Work order. Below are records with pictures. Transcribe exactly, and only, the lines from the line with "Smiley rich coronavirus" to the line with "Dr. Tobias Digestive", both ends included, but not the pictures.

[Available records Boundary: Start]

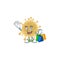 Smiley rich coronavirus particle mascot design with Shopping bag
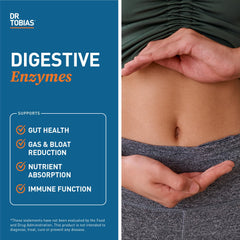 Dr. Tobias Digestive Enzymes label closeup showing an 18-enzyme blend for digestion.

[Available records Boundary: End]
[Available records Boundary: Start]

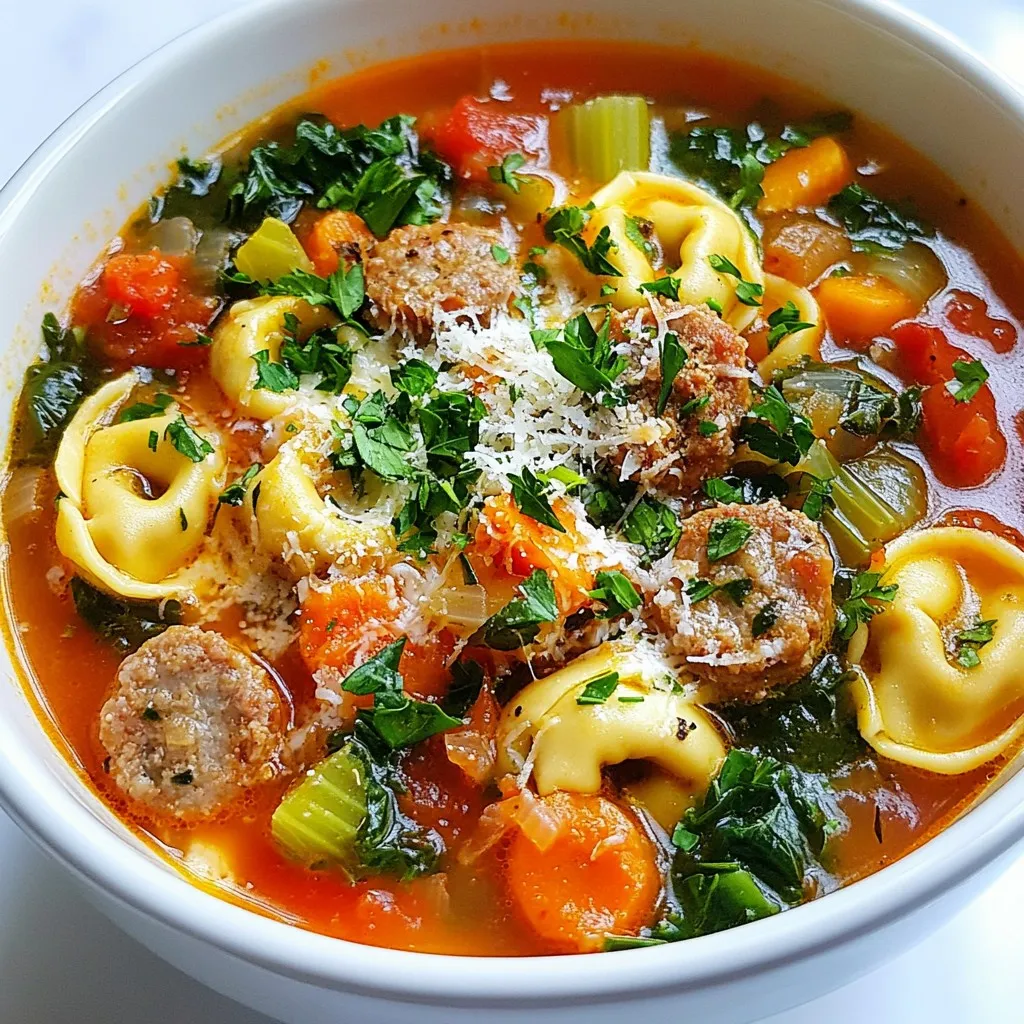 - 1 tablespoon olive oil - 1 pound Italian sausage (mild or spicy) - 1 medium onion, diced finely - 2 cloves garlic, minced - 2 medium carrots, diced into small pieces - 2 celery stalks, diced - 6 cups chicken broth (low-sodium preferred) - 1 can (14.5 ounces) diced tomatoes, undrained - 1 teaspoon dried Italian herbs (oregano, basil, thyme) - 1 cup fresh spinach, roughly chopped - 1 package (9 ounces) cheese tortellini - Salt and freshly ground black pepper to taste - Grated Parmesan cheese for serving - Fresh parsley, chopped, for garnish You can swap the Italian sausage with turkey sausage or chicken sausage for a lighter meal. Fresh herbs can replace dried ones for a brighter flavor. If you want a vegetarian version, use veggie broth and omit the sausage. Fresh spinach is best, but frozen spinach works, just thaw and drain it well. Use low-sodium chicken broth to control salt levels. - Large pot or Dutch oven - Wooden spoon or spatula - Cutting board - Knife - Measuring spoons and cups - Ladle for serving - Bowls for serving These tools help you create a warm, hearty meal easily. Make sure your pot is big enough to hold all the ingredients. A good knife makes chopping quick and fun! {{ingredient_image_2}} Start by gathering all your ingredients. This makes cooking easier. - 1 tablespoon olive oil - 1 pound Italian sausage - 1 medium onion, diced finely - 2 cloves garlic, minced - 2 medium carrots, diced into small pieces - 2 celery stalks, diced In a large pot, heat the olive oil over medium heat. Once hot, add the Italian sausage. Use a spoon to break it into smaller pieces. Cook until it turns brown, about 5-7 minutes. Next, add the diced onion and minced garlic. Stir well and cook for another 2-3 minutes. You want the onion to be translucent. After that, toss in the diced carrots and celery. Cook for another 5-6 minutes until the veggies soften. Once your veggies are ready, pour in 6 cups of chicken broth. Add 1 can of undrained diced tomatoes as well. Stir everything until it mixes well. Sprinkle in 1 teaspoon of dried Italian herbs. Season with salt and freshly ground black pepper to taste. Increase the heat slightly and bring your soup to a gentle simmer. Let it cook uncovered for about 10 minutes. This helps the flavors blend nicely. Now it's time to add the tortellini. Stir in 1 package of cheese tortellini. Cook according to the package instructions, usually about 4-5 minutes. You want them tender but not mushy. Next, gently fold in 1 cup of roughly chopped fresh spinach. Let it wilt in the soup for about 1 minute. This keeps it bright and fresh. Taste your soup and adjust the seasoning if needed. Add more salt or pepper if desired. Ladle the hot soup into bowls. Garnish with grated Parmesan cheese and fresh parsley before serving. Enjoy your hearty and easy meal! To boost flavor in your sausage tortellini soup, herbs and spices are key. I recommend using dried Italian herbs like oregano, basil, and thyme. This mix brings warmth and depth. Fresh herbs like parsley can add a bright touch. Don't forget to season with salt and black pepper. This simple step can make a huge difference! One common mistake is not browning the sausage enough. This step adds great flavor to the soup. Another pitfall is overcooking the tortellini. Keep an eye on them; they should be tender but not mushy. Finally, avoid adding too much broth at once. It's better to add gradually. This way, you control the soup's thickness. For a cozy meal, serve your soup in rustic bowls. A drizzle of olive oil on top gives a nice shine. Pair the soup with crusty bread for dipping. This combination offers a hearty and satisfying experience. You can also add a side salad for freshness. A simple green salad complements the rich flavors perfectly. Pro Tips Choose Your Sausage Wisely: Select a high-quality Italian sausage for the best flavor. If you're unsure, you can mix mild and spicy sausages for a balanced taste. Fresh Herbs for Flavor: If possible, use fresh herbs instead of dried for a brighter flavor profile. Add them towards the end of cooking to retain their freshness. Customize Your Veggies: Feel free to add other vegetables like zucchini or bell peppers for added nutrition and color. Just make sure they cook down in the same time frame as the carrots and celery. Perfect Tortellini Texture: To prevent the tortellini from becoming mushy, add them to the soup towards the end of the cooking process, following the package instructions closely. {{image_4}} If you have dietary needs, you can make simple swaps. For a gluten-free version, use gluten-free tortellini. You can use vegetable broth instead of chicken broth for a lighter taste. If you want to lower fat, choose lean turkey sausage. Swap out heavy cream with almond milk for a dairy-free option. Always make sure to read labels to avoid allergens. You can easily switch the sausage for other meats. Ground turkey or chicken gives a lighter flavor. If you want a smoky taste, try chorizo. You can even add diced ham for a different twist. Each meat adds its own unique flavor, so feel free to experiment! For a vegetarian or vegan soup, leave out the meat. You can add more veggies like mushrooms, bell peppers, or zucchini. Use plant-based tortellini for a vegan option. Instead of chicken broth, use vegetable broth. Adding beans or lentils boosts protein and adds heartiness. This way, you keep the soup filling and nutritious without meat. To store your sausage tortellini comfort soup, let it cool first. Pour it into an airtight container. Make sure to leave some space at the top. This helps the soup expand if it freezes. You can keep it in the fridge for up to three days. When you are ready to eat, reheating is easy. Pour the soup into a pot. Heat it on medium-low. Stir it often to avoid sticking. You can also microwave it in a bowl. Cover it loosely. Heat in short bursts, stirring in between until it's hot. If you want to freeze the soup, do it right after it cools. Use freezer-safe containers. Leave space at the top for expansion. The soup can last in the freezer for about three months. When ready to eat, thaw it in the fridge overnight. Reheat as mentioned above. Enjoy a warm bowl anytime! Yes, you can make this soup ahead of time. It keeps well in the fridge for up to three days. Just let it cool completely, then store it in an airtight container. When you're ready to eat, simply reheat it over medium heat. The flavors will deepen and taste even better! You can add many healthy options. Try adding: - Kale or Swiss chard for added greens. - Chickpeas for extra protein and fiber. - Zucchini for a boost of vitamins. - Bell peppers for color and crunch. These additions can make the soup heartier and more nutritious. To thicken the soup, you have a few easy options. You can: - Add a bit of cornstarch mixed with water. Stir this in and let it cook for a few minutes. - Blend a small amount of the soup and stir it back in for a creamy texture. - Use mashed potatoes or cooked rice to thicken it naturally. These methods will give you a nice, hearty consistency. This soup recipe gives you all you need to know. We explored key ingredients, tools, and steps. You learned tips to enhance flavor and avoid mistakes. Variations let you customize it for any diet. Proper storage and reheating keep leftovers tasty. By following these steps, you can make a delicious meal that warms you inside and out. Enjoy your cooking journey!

[Available records Boundary: End]

Your response.
 Smiley rich coronavirus particle mascot design with Shopping bag
 Dr. Tobias Digestive Enzymes label closeup showing an 18-enzyme blend for digestion.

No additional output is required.